At the end of the day, you are the best person to manage your money, but you are going to have to work at it to keep it under control.


----------



## marathonic (5 Nov 2012)

I've just watched that program on RTE - 'Too Broke To Retire". If you ended up in their position (one man was a self-employed business owner), every €10 per week makes a big difference. If you consider a 5% annuity rate, every €10 would require a total fund of €10,400.

One thing that struck me about that show and everyone should bear this in mind - with the current state pension of €230, if you ended up with a private pension of €57.50, I wouldn't look at this as only a 25% increase. Pensioners, like everyone else, have bills.
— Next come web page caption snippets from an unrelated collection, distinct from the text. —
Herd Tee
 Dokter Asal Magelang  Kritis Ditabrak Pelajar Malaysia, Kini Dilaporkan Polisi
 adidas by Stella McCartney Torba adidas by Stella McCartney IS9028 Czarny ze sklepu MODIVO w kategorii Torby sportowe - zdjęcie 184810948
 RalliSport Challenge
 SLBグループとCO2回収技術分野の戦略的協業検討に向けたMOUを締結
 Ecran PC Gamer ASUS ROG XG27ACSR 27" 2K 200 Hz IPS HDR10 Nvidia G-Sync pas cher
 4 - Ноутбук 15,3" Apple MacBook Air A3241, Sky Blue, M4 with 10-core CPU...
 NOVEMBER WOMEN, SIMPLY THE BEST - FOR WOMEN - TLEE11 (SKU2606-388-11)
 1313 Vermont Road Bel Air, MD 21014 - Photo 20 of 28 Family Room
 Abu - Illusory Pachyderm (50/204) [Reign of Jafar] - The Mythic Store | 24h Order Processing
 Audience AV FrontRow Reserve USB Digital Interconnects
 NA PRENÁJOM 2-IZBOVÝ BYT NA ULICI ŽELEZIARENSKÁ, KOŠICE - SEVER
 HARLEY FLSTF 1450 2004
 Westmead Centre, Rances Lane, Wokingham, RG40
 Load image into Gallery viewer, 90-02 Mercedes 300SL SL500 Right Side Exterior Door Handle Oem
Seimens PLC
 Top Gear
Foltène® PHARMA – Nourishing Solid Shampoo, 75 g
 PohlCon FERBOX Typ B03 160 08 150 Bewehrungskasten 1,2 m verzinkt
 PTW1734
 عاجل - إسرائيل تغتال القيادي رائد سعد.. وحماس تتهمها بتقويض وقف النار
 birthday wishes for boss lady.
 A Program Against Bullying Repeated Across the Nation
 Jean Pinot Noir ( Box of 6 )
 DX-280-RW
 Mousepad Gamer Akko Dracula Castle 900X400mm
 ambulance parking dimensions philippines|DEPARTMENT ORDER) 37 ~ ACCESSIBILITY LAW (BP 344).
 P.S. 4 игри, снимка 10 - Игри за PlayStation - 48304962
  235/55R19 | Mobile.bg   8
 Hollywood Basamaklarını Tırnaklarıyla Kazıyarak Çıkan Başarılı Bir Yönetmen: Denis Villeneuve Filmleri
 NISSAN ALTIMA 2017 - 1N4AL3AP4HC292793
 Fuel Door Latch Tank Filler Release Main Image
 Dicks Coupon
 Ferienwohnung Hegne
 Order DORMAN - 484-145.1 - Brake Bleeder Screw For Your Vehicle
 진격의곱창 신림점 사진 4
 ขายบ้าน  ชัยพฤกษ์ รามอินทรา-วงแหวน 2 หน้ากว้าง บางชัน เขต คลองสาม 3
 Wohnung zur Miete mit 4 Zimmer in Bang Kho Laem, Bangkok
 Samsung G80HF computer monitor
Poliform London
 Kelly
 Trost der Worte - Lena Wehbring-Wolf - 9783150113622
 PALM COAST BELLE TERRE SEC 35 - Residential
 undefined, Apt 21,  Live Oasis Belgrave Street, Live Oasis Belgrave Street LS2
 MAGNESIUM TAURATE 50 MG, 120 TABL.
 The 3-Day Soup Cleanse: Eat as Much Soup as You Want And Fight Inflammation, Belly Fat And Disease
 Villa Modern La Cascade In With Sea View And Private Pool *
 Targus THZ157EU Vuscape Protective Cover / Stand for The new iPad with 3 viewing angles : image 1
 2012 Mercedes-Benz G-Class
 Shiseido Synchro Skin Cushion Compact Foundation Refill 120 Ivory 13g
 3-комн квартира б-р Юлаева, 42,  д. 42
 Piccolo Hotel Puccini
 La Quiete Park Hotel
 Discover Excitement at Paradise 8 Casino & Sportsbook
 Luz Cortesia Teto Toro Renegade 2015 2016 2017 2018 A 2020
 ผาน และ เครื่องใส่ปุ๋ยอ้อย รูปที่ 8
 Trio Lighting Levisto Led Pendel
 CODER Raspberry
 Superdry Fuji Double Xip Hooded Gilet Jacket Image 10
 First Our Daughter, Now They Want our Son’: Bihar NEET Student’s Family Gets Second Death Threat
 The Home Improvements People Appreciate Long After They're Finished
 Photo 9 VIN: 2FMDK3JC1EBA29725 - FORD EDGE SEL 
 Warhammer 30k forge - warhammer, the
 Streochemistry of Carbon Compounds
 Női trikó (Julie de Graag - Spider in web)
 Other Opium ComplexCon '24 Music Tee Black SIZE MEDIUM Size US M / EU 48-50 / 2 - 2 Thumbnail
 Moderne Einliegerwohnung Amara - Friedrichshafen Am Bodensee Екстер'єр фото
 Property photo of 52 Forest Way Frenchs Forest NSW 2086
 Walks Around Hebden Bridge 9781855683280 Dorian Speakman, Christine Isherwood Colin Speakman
Therefore, if your bills are €130 and your pension is €230, your disposable income has actually increase by 57% with this €57.50 private pension.

Add to this the tax advantages and, to me, it's a no brainer. In fact, I'd try to over-contribute to get the fund as big as possible as soon as possible. That way, you can switch to a very low-fee product.


----------



## leroy67 (5 Nov 2012)

Excellent post Marathonic


----------



## marathonic (5 Nov 2012)

leroy67 said:


> Excellent post Marathonic



Thanks Leroy. Although, I have to admit, I'm a big fan of pensions. I also like to take the opposite view of the herd. I'm 30 now and, as the stockmarkets fell, I increased my personal contributions on two occasions - bringing me up to the max allowable contributions. 

I'm actually happy to see the value of my pension fall, as long as that fall isn't the result of excessive charges - as this means that any further contributions are buying more units in my chosen funds. I won't be seeing the money for 25-35 years anyway so the more I buy now, the better it is for me. Falls closer to retirement (less than 10 years) are more worrying - but with 10 years left to retirement, most people should be gradually switching away from the more risky investments in their pension.

In my opinion, people spend too much time overthinking it. There are too many posts revolving around:


Am I too young to start?
Am I too old to start?
What should I invest in?

You're never too young as, the longer your in, the more time your fund has time to increase in value.

You're also never too old as, when you're older, you're still getting the tax relief going in and you're much closer to getting 25% of that back tax-free (in addition to paying a lower tax rate on money coming out than what you have saved in tax on the money going in).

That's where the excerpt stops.